Soldado Milhões, o português que enfrentou sozinho uma ofensiva alemã
O soldado Milhões tornou-se herói da Primeira Guerra Mundial ao enfrentar sozinho uma ofensiva alemã e a sua história faz parte da aldeia de Valongo de Milhais, Murça, que quer transformar a sua casa num memorial.
Foi em abril de 1918, durante a Batalha de La Lys (Flandres), e os seus atos de bravura valeram-lhe a mais alta condecoração militar nacional, a Ordem de Torre e Espada.
Na sua terra natal, no concelho de Murça, distrito de Vila Real, todos conhecem a história do jovem analfabeto e pobre, um franzino com pouco mais de metro e meio de altura, que desobedeceu às ordens de retirada e ficou para trás, sozinho e abrigado numa trincheira, a disparar contra o inimigo.
“Cresci a ouvir a história do meu avô. O meu avô acabou por estar sempre muito presente na família”, afirmou à agência Lusa Eduardo Milhões Pinheiro, um dos netos de Aníbal Augusto Milhais, a propósito do centenário da chegada à Flandres dos primeiros soldados do contingente que Portugal enviou para combater em França na I Guerra Mundial.

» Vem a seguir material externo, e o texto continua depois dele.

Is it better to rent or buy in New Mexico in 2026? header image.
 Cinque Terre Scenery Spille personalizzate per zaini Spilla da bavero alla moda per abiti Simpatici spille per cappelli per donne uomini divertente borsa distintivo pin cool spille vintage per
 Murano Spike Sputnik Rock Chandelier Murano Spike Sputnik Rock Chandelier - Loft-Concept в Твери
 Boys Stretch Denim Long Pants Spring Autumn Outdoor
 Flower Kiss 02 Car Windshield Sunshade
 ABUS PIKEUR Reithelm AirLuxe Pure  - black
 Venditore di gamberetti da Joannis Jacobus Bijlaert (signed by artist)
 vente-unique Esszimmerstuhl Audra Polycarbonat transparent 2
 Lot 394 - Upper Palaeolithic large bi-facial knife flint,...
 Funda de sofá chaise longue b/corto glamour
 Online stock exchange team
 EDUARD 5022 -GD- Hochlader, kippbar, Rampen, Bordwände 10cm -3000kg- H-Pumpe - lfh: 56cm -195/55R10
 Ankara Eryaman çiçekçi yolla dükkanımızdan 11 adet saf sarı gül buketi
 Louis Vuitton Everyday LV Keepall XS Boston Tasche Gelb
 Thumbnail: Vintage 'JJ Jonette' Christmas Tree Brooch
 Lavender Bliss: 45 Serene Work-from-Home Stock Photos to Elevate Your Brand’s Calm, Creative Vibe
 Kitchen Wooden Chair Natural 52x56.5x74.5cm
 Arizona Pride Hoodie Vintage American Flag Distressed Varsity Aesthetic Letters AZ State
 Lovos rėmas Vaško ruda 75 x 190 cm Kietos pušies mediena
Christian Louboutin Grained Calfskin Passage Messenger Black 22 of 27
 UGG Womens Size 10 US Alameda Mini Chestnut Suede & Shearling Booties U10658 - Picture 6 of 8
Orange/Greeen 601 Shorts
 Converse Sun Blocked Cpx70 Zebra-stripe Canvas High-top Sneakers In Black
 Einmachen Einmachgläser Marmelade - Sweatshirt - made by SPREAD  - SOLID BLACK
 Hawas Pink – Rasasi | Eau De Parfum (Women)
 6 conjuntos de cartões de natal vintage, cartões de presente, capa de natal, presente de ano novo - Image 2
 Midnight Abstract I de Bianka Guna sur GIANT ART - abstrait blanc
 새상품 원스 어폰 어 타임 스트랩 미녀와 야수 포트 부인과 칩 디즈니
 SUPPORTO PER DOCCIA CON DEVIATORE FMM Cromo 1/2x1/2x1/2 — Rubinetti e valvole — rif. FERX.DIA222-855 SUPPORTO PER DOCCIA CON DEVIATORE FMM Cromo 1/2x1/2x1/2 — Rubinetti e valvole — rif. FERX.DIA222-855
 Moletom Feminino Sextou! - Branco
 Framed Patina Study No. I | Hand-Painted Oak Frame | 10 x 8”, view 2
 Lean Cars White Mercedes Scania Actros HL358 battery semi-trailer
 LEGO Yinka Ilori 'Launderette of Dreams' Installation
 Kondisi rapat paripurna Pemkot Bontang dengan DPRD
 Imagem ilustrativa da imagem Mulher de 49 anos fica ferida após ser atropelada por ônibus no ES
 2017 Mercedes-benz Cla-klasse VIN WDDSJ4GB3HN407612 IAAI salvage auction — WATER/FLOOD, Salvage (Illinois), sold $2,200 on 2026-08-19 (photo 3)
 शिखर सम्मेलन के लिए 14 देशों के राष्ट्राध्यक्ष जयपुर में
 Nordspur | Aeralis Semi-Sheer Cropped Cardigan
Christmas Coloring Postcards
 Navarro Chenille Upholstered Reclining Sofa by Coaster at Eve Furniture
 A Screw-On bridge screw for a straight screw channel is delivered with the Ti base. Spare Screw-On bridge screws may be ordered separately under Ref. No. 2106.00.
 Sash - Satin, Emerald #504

Milhais acabou por ficar conhecido como o soldado Milhões, um epíteto que nasceu com o elogio do seu comandante, Ferreira do Amaral: “Tu és Milhais, mas vales milhões”.
Durante a batalha, o soldado corria entre os vários abrigos, disparando de diferentes posições e criando a ilusão, nas tropas alemãs, de que a posição estava a ser guardada por vários militares.
À quarta ofensiva, os soldados alemães decidiram contornar aquele ponto e deixaram o português para trás das linhas inimigas, onde sobreviveu durante uns dias, com umas amêndoas doces no bolso, até encontrar um oficial escocês que o ajudou a encontrar o batalhão português.
Foi esse mesmo oficial que relatou depois o ato heroico do soldado transmontano.
Aníbal Augusto Milhais morreu aos 75 anos em Valongo, a aldeia que adotou o nome de Milhais em sua homenagem, que deu ainda o nome “Herói Milhões” a uma rua e quer agora recuperar a casa onde viveu.
O imóvel foi doado à Câmara de Murça que, segundo disse o presidente José Maria Costa, quer ali criar um “espaço de memória”, só que o projeto tem esbarrado nas dificuldades de financiamento.
O autarca afirmou à Lusa que o município procura apoios na sociedade civil e políticos, tendo já informado o Presidente da República sobre este projeto.
A ideia passa pela recuperação do edifício, mas, se tal já não for possível devido ao estado de degradação, este será demolido e no espaço levantado um memorial ao soldado Milhões.
Eduardo Milhões Pinheiro lembrou a petição ‘online’ em defesa da preservação da casa e disse que gostava que o projeto, de homenagem ao avô e a todos os que se bateram na Primeira Guerra Mundial, se concretizasse até 09 de abril de 2018, quando se assinalam os 100 anos da Batalha de Batalha de La Lys.
Aníbal Milhais é um exemplo de vida para o neto.
“Da história do meu avô eu guardo e procuro transmitir aos meus filhos dois valores essenciais: primeiro que nunca devemos abandonar e virar as costas à adversidade e, em segundo, que às vezes as soluções mais fáceis não são aquelas que devem ser tomadas”, frisou.
E continuou: “o mais fácil para o meu avô naquele dia seria ter obedecido ao seu superior hierárquico e ter retirado, porque ele teve uma ordem de retirada, mas ele preferiu ficar para garantir que todos se salvavam e, felizmente, ele também”.
Após a guerra e a condecoração, o soldado regressou à sua terra natal. Tornou-se agricultor, casou, teve 10 filhos, ainda chegou a emigrar para o Brasil, de onde pouco tempo depois regressou por pressão da comunidade portuguesa, que considerava “que não era digno” um herói nacional ser emigrante.
A sua história foi resgatada pelo jornal Diário de Lisboa que, na década de 20, o transformou numa espécie de símbolo nacional que passou a ser usado pela propaganda dos governos da primeira República e pelo Estado Novo.
O soldado Milhões teve sempre uma vida modesta e era, segundo contou a nora Berta de Jesus Moreira, de 78 anos, uma “boa pessoa” e um “homem alegre, amigo que gostava de ter a casa cheia e de contar histórias”.
As medalhas conquistadas foram doadas ao Museu Militar do Porto e também no Museu do Regimento de Infantaria 13, em Vila Real, se recorda o herói de guerra transmontano.